At the end of its historic first quarter, ended March, SOS’s revenue grew 22 per cent above the prior year to total $519 million, representing the highest seen in a quarter, though higher costs led to reduced profits of $94 million.
The performance, the company said, was driven by the continued growth of its SEEK brand, which saw sales move from $15.5 million to almost $25 million, its EVOLVE furniture line increasing sales by 30 per cent, a 48 per cent growth in its document destruction services, and higher demand or increases of some 51 per cent for its home/office fireproof Sentry safes.
Fresh off its recent partnership with Cayman-based Apex Group — a large company which services a wide array of commercial and residential clients in the Cayman Islands —, SOS recently announced that it will soon begin to supply products, mainly from its EVOLVE and IMAGE lines for distribution to that market.
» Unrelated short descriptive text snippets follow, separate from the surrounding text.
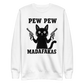 Pew Pew Madafakas Sweatshirt - White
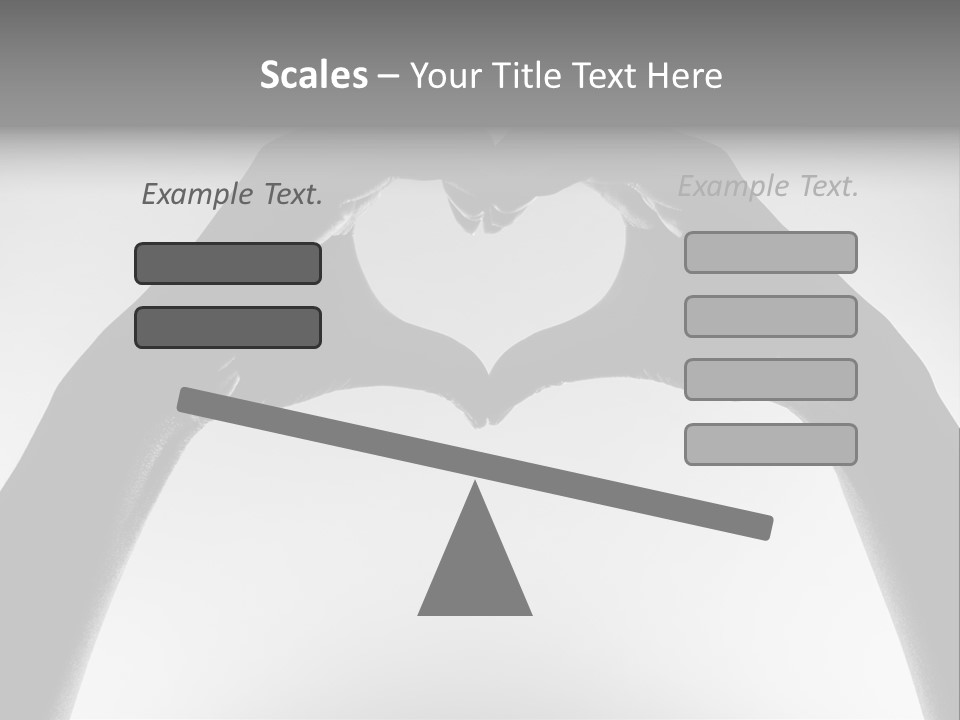 Sign Valentine Team PowerPoint Template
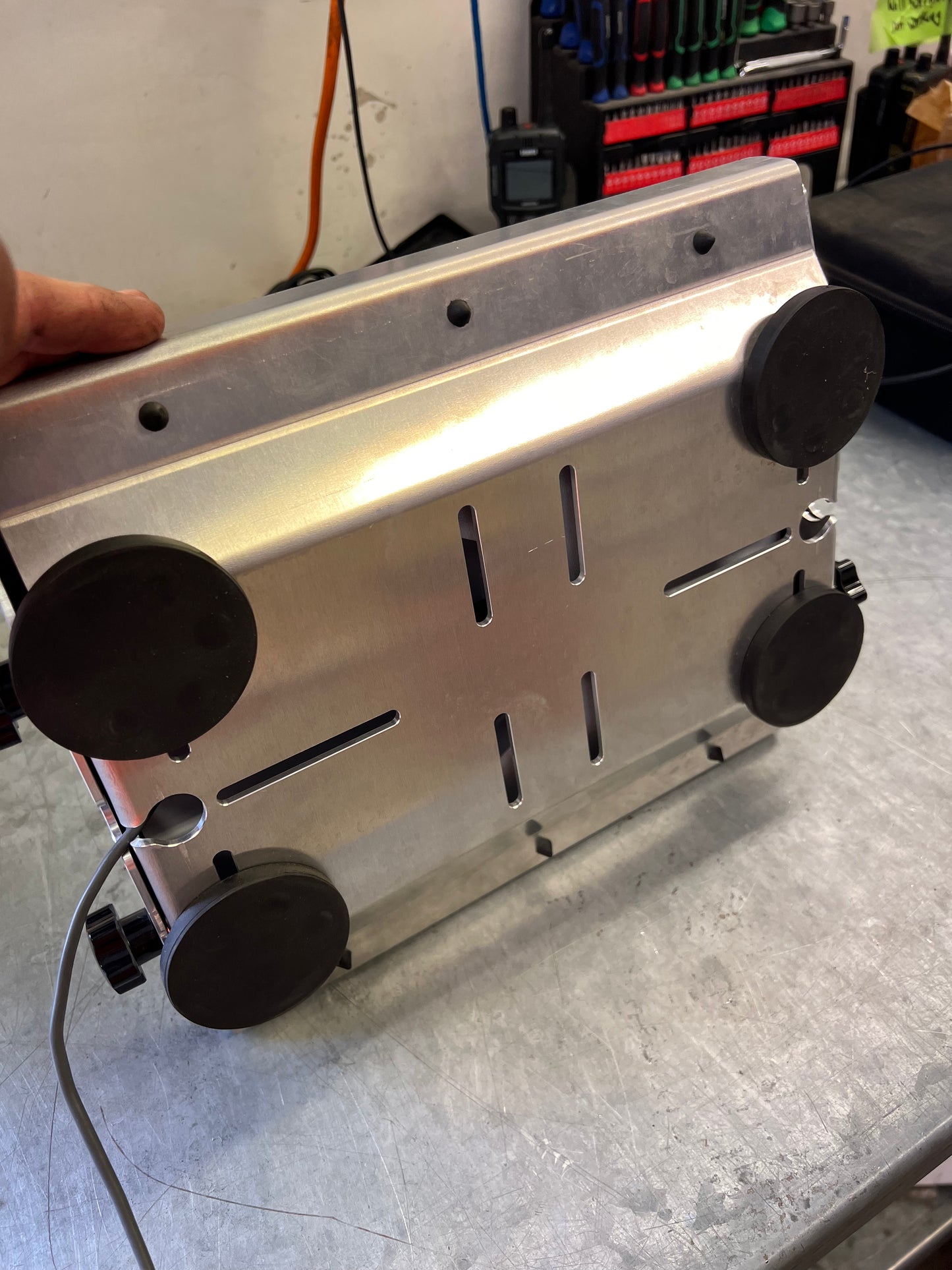 66mm Rubber coated Magnet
This follows an earlier partnership with The Office Authority, which gave it access to sales in Trinidad.
Pursuant to discussions held since the start of this year, SOS, as a result of the new arrangement, will see its first shipment of supplies being sent to Cayman at the end of this month.
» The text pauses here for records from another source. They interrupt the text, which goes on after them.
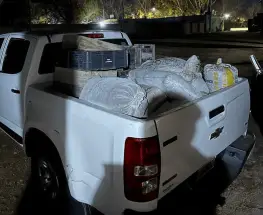 Allanan viviendas en Caucete por una presunta maniobra ilegal con pasas de uva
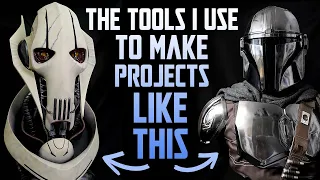 Must Have Tools & Tips for Life Size 3D Printed Prop Making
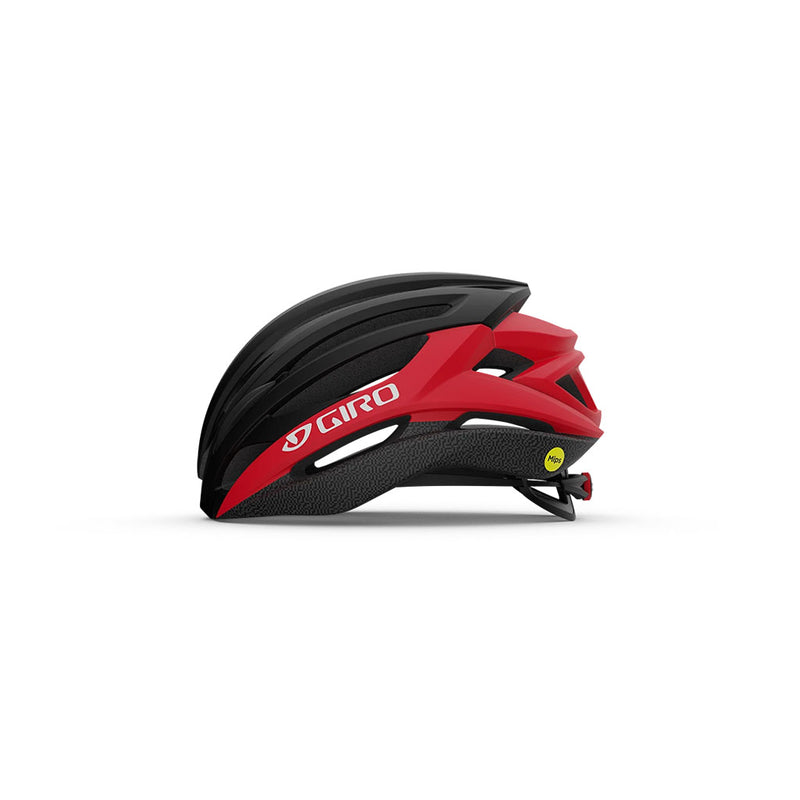 Casco Syntax Mips - Nero opaco/Rosso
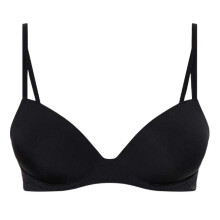(34E, Black) Calvin Klein Womens/Ladies Demi Underwired Bra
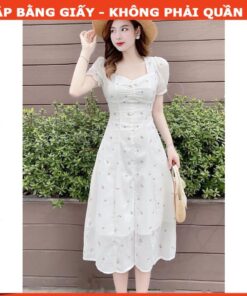 Rập giấy A0 mã 375 - Rập may đầm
“With Cayman being a much smaller island we are hoping to do about four containers, which is somewhere in the region of US$750,000 for the first year, and we are happy with that,” McDaniel told the Business Observer.
Pushing its regional expansion as a key pillar of the company’s growth strategy, the managing director said the current partnerships, and those pending, will further help to drive success for the company which specialises in the sale of high-quality stationery and office furniture.
“By entering into those markets which we didn’t have access to it will only help us to further improve. We believe that, with all the regional expansions that we have been trying to do, and the partnerships we are trying to create, they will definitely help us increase our revenues and to grow the business as we move forward,” McDaniel said.
Indicating that the company is far from being satisfied with where it’s at, McDaniel further spoke to some of the plans on which it is now focused.
“We remain in discussion with other islands, which we can’t share as yet, but based on current progress the plan is to add at least one to two more countries by the end of the year,” he said, noting that following the sale of its Collins Green property SOS also remains on the hunt for new space, with hopes of having larger warehousing space to adequately house its inventory.
“We just took over a new location for rental, doubling on our warehousing capacity in Montego Bay, and we are looking to further build out our warehouse space in Kingston. There are some plans in our pipeline concerning this which we will announce when ready,” McDaniel said.